The microscope is the most important piece of laboratory equipment in under-resourced countries and is essential for the diagnosis of anaemia, malaria and other blood parasitic infections and for performing differential white blood cell counts and sickle cell screening tests. Reliable assessment of morphological features requires a microscope that is clean and correctly set up with aligned lenses and an electric light source (either inbuilt or reflected light) to ensure clear images, especially at high magnification. Failure to maintain microscopes to a high standard through routine user maintenance or, ideally, with regular professional servicing, can lead to inaccurate diagnoses and inefficient use of technician time. , Routine maintenance of the microscope is described on p. 46.
Care of the microscope
In hot, humid climates, if no precautions are taken, fungus may grow on the surface of the lenses, in the grooves of the screws and under the paint. This can be prevented by placing the microscope every evening in an airtight dust cover together with silica gel. Dry the silica as necessary and reuse it. An alternative method is to place the microscope in a warm cupboard with a tight-fitting door, heated by a 40-watt light bulb. Check that the temperature inside the cupboard is at least 5 °C warmer than that of the laboratory, but take care that it does not overheat.
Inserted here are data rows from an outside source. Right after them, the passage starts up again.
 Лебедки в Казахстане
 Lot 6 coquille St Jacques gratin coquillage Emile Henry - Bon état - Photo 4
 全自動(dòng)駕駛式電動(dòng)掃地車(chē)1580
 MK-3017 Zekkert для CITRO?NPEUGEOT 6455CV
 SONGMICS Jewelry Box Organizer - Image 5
In hot, dry climates, the main problem is dust. Fine particles work their way into the threads of the screws and under the lenses. This can be avoided as follows:
Always keep the microscope under a dustproof plastic cover when not in use.
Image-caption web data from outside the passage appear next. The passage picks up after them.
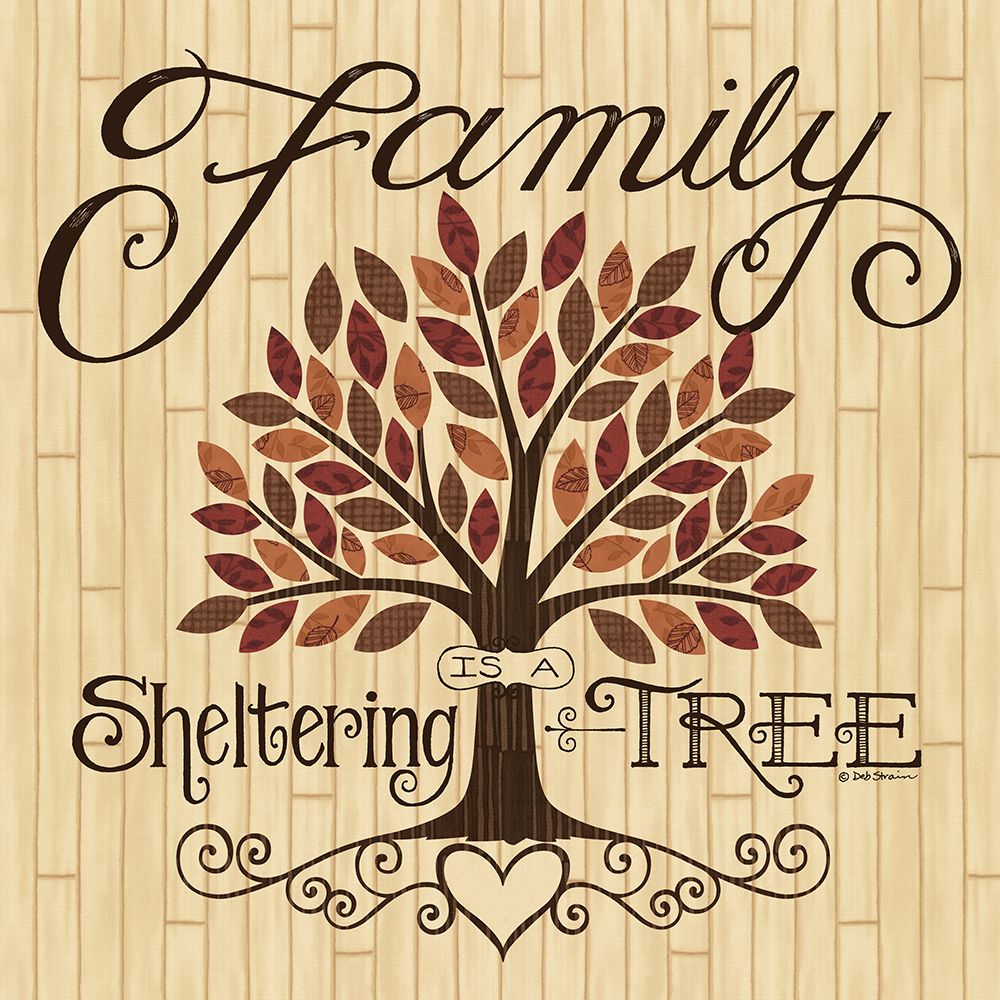 Sheltering Tree art print by Deb Strain for $57.95 CAD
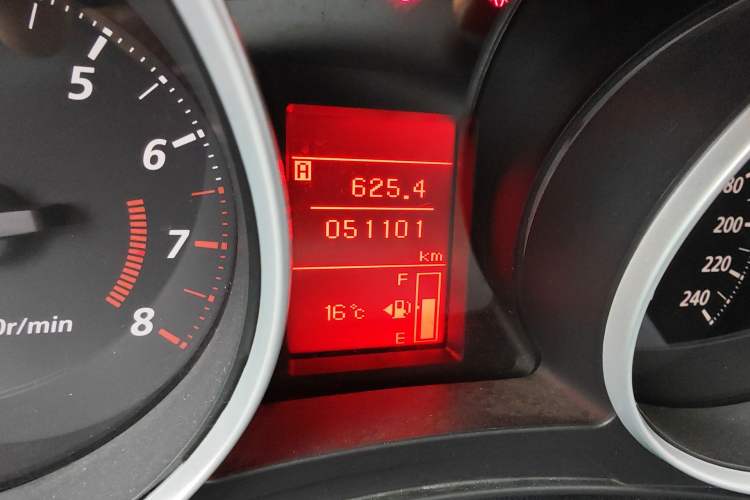 Used Mitsubishi ASX 2018 1.6L Manual Two-Wheel Drive Fashion Edition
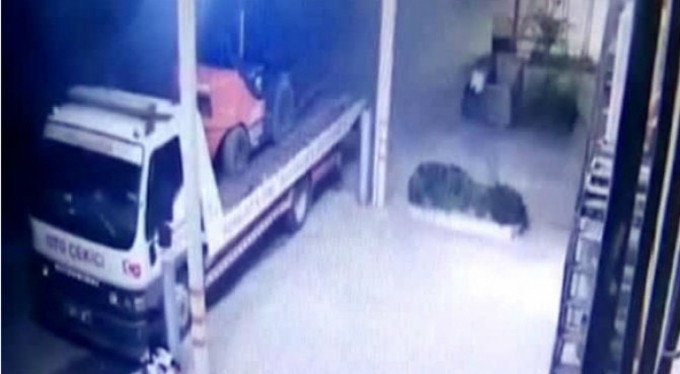 Bursa'da akıl almaz hırsızlık!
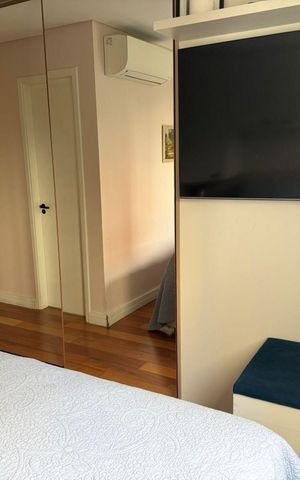 Apartamento à venda com 79m², 3 quartos e 2 vagas Apartamento à venda com 79m², 3 quartos e 2 vagasQuarto 2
At the end of the day’s work, clean the microscope thoroughly by blowing air onto the lenses and moving parts.
Finish cleaning the lenses with a lens brush or fine paintbrush. If dust particles remain on the surface of the objectives, remove with a clean lens tissue.
Essential haematology tests
Despite the relatively high cost of running a laboratory service and the low per capita healthcare budget in under-resourced countries, there is little guidance available on how to make rational decisions on the choice of ‘essential’ laboratory tests. , Decisions about which tests to provide must be made in consultation with laboratory professionals and clinical staff. The selection of ‘essential’ tests at each level should be based on the clinical and public health needs of the local community and the availability of qualified clinical and laboratory staff, as well as the availability of funds. Essential test packages are usually defined as part of national policy and standards, taking into consideration medium- and long-term trends and the requirements of disease control programmes.
To ensure cost-effectiveness of the laboratory service, tests with no proven value should be eliminated and new tests for which there is independent evidence of clinical usefulness should be introduced, as described in Chapter 24 . Tests that provide objective qualitative or quantitative information are preferred. Although it is not possible to draw up a list of essential tests applicable to all countries, or even to different regions within a country, the following aspects should be considered.
Cost per test
Often the cost of a test is calculated from the price of reagents divided by the number of tests performed. However, this oversimplifies the situation and is not accurate enough to form the basis for national policy decisions and budget allocation. The factors that need to be taken into account when calculating the total annual costs for a laboratory are given in Chapter 24 .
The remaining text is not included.